→ **Work item**
Go to the line with "Mike Furlano, an" in the material below and copy from there through the line with "Firewood stack in", exactly. Pictures are not copied.

→ **Data for the task**
************
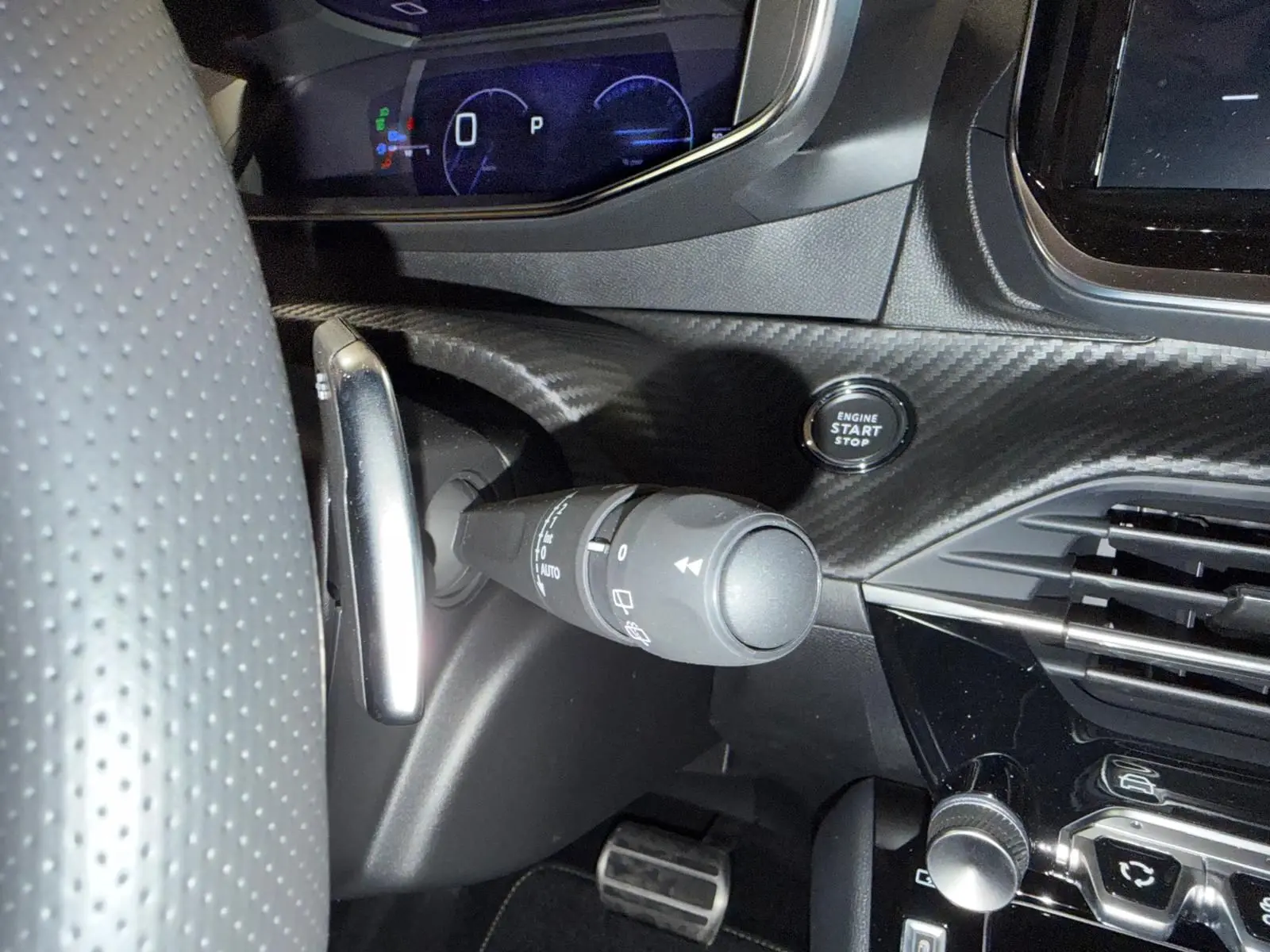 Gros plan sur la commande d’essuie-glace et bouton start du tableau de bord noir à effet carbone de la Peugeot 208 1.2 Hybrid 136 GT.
************
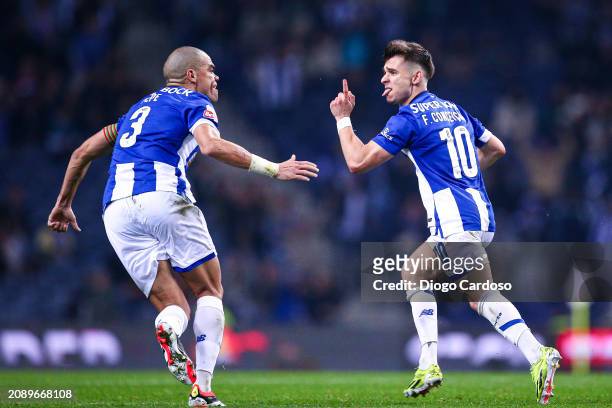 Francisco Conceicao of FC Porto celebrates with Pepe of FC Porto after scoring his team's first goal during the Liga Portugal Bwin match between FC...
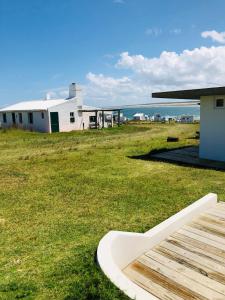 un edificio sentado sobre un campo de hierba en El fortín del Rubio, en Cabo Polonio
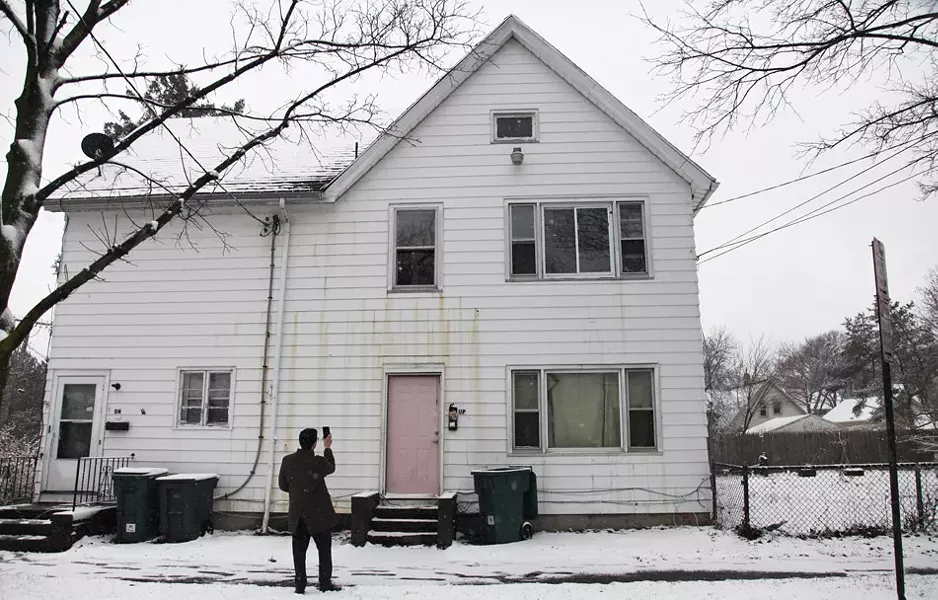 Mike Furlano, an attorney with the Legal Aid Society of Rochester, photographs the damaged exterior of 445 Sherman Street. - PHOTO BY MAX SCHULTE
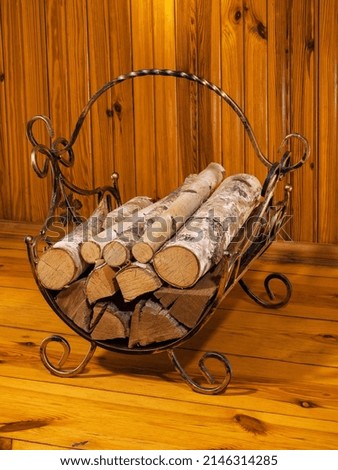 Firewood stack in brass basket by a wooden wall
************
→ **Response below**
 Mike Furlano, an attorney with the Legal Aid Society of Rochester, photographs the damaged exterior of 445 Sherman Street. - PHOTO BY MAX SCHULTE
 Firewood stack in brass basket by a wooden wall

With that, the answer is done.